Además de pagar en orden, consigue trabajos extra. Nosotros vendimos almuerzos y yo también conseguí trabajo de catedrático en una universidad. Iba a la hora pico, cinco de la tarde, regresaba a las diez de la noche a envasar café para restaurantes. ¡En una hamaca rascándote la panza no saldrás de deudas!, luego vendrán otros tiempos, no le debas nada a nadie, paga y vivirás tranquilo.

 

El tercer consejo es vender todo lo que ya no se usa, pero en buen estado. Además, baja tu nivel de vida, tu nivel de gasto, nada de restaurantes ni lujos, organiza el “bufet de sobriné”, es decir, un día, cómanse todas las sobras de la semana. Estás hasta el copete de deudas y comiendo a todo lujo, ¡no es posible! Todo ingreso adicional debe irse a pagar deudas.

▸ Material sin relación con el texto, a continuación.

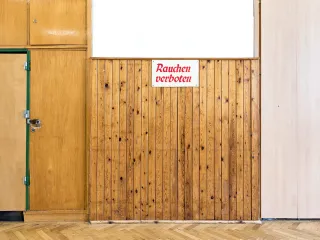 Dieser Anbieter hat keine Bildbeschreibung für dieses Bild hinterlegt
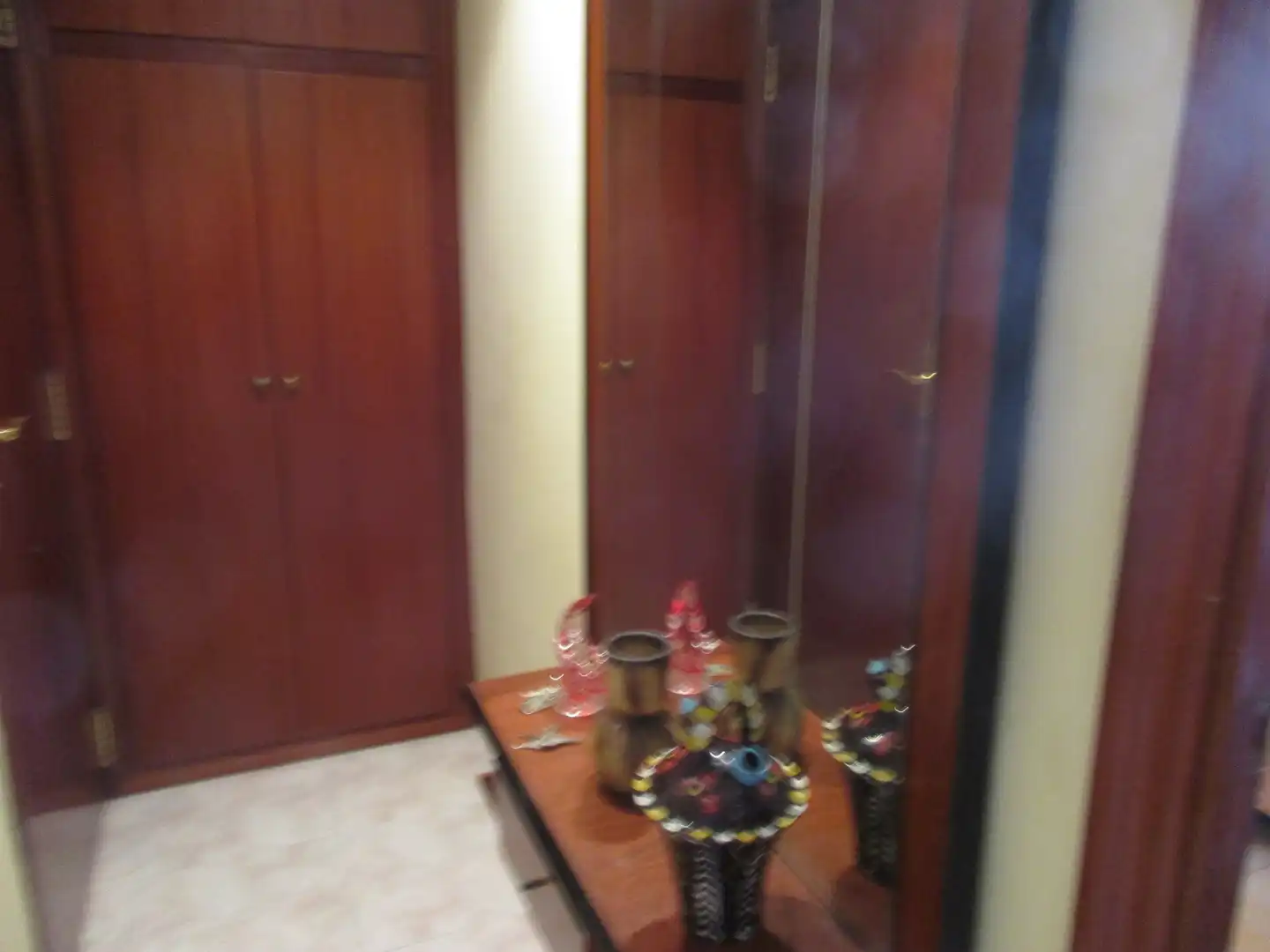 Piso con terraza en venta en Centre, imagen 16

Además hay que ser honrado, nada de contribuir con la piratería y la corrupción.

 

Por último, siembra semillas de dinero y cosecharás dinero. Es natural que cosechas lo que siembras. No esperes cosechar rosas si siembras chichicaste. Si quieres cosechar frijol, ¿qué debes sembrar? Frijol. Para cosechar dinero, debes sembrar dinero. Una joven me preguntó cómo salir de deudas a los 19 años porque su padre había muerto y ella asumió la gran carga de su familia endeudada. Aunque yo también enfrentaba mi propio dilema, sembré un cheque mensual en la familia de esa joven. Incluso cuando ya casi no podíamos, se lo di, y no me arrepentí, porque la cosecha fue grande para pagar mis deudas. Así que al sembrar cosecharemos. Tal como dice Juan Romero: “Una cosa he aprendido al caminar, que cuando mi Padre me pide, es porque me quiere dar, y cuando me da, es porque me quiere pedir, en el asunto de dar no hay quien a mi Padre le pueda ganar”. ¿Necesitas dinero extra?, debes sembrarlo.

 

Ahora puedo decir que de mi desgracia financiera se han levantado 68 mil familias. Así que todo tuvo buen propósito porque yo crecí y muchas personas conmigo. No olvides los principios: siempre aplica la fórmula que te acomoda según seas asalariado o trabajes por tu cuenta; guarda sabiamente para tener; siembra para cosechar y sé humilde. Si Jesús vive dentro de nuestro corazón, si tu vida está en manos de Dios, todo vendrá por añadidura. Esa es la mejor inversión, vale la pena abrir de par en par las puertas del corazón para que Jesús pase adelante. Digámosle con fe: “Señor perdona nuestra mala mayordomía, nos has dado abundantemente con amor, estás dispuesto a darnos mucho más si administramos bien. Derrama con abundancia las riquezas del cielo. ¡Gracias, Padre”.

 

 


[1] Proverbios 13:11 (TLA) dice: Lo que fácilmente se gana, fácilmente se acaba; ahorra poco a poco, y un día serás rico.